-------- Collected data

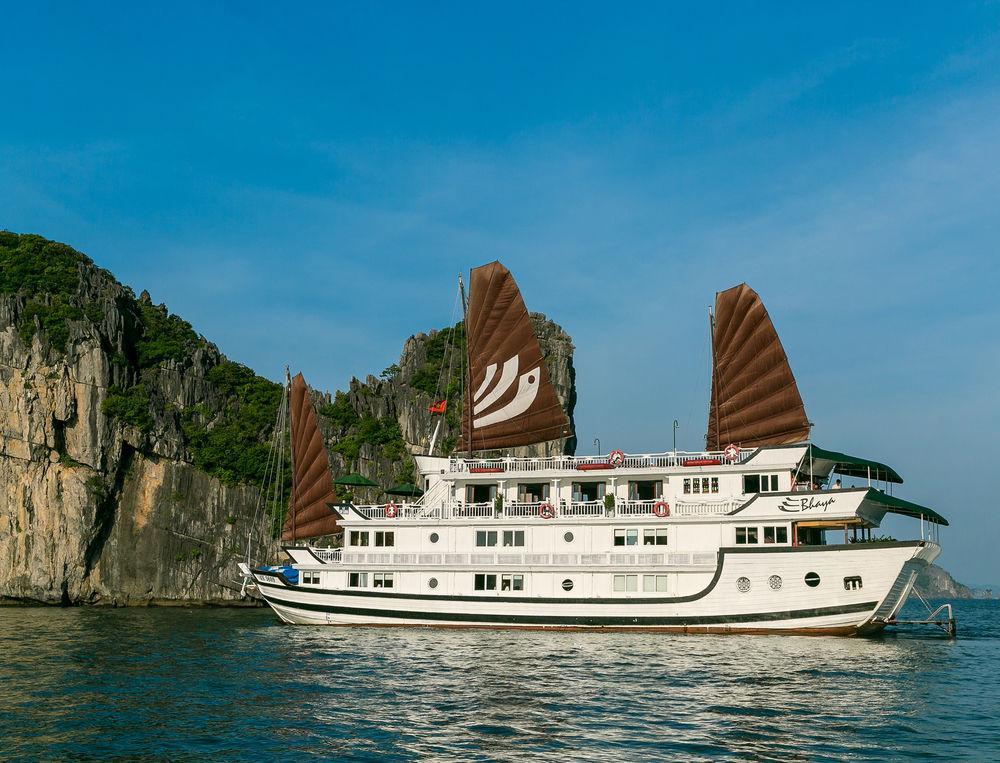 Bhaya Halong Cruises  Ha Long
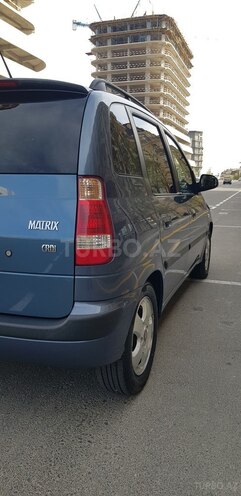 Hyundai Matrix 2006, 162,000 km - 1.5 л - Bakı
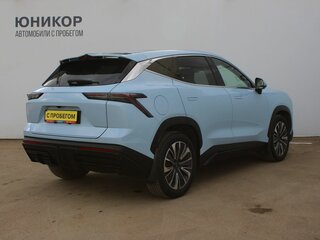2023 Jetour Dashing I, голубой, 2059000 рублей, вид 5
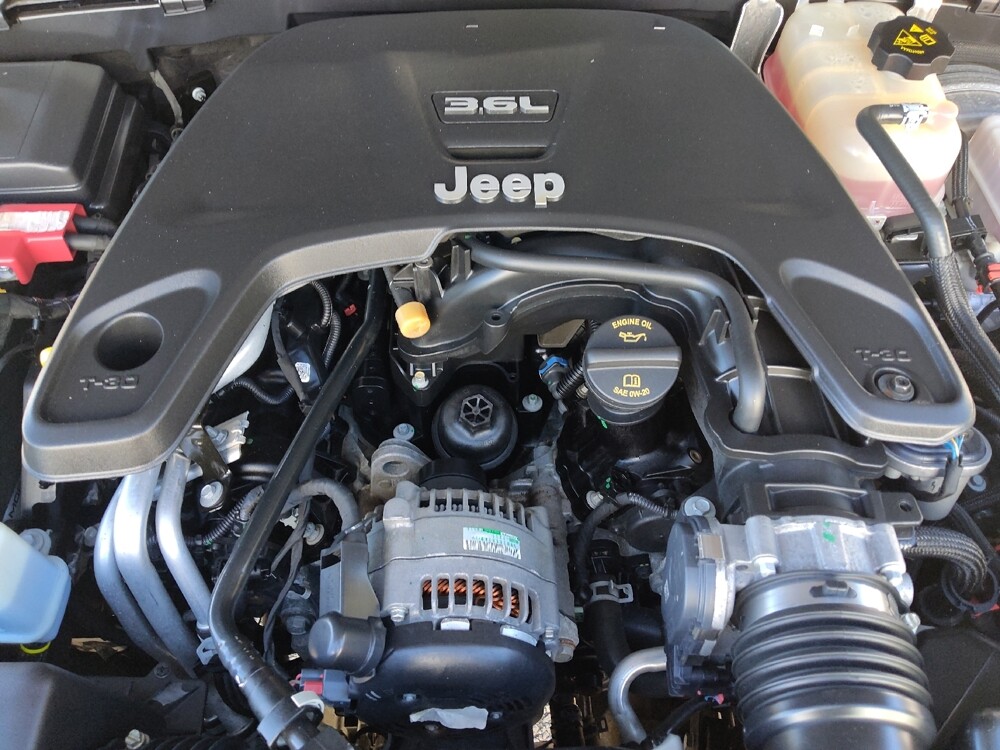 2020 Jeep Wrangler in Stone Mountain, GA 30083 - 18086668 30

----------------

Only the text of the material belongs in your copy, which must match the original exactly.

Reply to the exercise
 Bhaya Halong Cruises  Ha Long
 Hyundai Matrix 2006, 162,000 km - 1.5 л - Bakı
2023 Jetour Dashing I, голубой, 2059000 рублей, вид 5
 2020 Jeep Wrangler in Stone Mountain, GA 30083 - 18086668 30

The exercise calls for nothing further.